Philip Allen Lacovara, a former U.S. deputy solicitor general in the Justice Department, served as counsel to Watergate special prosecutors Archibald Cox and Leon Jaworski.
In prepared testimony released on the eve of his appearance Thursday before the Senate Intelligence Committee, former FBI director James B. Comey placed President Trump in the gunsights of a federal criminal investigation, laying out evidence sufficient for a case of obstruction of justice.

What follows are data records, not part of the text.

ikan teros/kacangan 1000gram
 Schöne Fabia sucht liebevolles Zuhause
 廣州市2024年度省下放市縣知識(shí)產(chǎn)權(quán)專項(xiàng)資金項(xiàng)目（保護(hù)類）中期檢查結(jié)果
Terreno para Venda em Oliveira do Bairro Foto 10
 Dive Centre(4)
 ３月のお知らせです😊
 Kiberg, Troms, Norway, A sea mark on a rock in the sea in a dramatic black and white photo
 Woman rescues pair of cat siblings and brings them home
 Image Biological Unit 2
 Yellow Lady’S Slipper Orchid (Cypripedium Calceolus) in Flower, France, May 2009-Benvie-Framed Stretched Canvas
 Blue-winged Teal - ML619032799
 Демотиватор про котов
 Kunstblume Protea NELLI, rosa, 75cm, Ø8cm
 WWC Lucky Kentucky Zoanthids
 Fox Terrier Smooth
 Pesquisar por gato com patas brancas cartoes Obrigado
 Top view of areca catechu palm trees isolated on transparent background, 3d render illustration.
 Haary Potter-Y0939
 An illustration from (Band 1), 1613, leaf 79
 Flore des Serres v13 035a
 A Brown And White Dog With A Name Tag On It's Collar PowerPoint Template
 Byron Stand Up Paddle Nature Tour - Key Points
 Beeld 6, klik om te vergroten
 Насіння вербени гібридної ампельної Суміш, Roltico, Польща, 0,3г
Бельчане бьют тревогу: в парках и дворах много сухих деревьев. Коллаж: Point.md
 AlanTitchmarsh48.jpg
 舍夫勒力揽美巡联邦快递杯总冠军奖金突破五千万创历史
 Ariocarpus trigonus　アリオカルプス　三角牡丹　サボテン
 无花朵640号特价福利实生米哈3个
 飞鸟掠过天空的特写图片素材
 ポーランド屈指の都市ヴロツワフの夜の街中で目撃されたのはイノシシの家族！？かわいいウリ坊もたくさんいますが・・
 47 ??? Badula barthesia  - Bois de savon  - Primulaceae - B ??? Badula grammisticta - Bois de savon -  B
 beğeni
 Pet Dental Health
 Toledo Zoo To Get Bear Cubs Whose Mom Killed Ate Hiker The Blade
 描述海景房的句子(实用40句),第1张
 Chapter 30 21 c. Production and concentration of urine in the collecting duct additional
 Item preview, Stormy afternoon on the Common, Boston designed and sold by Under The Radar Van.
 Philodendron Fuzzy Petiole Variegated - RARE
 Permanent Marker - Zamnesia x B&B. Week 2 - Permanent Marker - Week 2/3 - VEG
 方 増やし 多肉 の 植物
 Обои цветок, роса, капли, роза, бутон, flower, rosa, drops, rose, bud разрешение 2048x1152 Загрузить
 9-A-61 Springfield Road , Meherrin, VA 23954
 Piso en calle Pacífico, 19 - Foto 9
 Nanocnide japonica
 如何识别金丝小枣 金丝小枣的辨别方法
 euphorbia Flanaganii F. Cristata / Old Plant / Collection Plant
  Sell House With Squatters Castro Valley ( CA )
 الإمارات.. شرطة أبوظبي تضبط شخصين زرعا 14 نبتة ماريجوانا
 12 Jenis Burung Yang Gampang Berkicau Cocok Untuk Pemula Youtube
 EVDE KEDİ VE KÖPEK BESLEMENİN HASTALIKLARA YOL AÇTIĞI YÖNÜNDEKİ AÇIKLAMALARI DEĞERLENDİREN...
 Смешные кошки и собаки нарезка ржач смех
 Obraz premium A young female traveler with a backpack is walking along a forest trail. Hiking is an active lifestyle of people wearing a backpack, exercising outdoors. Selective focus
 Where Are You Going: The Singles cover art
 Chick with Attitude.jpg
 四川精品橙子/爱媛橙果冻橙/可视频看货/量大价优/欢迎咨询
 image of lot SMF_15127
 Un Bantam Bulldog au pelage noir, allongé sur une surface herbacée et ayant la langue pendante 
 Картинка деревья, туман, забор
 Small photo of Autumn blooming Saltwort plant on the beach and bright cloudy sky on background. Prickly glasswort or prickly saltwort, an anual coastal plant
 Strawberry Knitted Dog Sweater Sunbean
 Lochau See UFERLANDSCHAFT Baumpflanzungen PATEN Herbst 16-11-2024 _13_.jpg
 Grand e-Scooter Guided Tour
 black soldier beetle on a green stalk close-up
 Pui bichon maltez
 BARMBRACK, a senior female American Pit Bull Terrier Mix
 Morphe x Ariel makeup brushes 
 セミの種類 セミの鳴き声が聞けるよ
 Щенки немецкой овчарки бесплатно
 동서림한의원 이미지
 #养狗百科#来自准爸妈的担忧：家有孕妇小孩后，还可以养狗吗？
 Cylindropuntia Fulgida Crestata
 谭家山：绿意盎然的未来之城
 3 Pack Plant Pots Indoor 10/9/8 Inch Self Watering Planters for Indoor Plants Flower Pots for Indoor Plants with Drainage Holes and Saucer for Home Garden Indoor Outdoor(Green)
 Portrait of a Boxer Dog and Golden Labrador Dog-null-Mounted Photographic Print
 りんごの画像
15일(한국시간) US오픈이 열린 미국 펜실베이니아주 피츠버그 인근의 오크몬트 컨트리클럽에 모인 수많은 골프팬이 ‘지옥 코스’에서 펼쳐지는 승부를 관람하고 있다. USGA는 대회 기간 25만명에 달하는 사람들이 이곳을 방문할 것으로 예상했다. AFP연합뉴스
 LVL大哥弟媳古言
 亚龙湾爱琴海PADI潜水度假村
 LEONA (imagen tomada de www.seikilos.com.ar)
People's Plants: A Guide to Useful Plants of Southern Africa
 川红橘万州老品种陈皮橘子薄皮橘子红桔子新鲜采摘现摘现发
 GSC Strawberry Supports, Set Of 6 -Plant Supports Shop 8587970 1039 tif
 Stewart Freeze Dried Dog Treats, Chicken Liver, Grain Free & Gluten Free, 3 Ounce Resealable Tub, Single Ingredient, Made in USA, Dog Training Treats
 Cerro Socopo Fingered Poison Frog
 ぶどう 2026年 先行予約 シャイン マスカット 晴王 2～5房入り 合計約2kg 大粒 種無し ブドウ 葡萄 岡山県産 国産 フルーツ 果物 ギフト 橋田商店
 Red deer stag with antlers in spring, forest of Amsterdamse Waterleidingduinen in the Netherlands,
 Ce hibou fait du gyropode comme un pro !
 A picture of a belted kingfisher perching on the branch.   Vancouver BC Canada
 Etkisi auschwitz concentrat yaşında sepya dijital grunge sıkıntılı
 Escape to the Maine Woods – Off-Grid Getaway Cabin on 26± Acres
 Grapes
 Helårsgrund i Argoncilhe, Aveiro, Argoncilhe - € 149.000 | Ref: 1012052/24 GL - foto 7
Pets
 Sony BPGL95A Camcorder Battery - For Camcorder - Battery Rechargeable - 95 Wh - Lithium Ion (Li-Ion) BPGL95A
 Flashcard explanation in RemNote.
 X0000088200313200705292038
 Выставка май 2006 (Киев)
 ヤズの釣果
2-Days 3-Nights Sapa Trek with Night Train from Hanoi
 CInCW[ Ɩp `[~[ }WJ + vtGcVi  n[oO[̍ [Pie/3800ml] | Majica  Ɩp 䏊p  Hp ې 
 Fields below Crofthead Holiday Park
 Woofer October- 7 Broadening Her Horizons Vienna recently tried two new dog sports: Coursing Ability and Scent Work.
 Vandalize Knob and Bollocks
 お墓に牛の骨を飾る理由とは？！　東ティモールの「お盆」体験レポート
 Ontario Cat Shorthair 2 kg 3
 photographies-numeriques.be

Comey proved what Director of National Intelligence Daniel Coats and National Security Agency Director Michael S. Rogers carefully avoided admitting in their testimony on Wednesday — that the president had specifically attempted to shut off at least a major piece of what Trump calls the “Russia thing,” the investigation into the misleading statements by fired national security adviser Michael Flynn concerning his role in dealings with the Russians. This kind of presidential intervention in a pending criminal investigation has not been seen, to my knowledge, since the days of Richard Nixon and Watergate.
Comey’s statement meticulously detailed a series of interventions by Trump soliciting his assistance in getting the criminal probe dropped. These details are red meat for a prosecutor. Presumably, the team of experienced criminal prosecutors that special counsel Robert S. Mueller III has assembled will be following up on this crucial testimony, which rests on contemporaneous memorandums that Comey was sufficiently alarmed to prepare immediately after receiving the president’s requests.
That both Coats and Rogers denied that they “felt pressured” provides no comfort for the president’s position. The obstruction of justice statute prohibits not only successful interference with pending criminal investigations but also any use of “threats” to “endeavor” to obstruct an investigation. Thus, it is the attempt or objective that is criminal, and Coats and Rogers were apparently unable to deny that the president had solicited their interference in the pending FBI investigation. If Coats and Rogers did not yield to the endeavor, kudos for them, but that is no excuse for the president.
Moreover, Comey’s testimony also supplies the element of “threats.” He vividly describes a dinner with the president on Jan. 27, which the president surprisingly limited to just the two of them. The president asked Comey whether he liked his job and wanted to continue in it, even though, before the inauguration, the president had asked Comey to stay on the job, and Comey had eagerly accepted.
Leaving little doubt about the price of continued retention, the president twice, according to Comey, told him that he expected “loyalty” from Comey, just as he did from everyone else around him.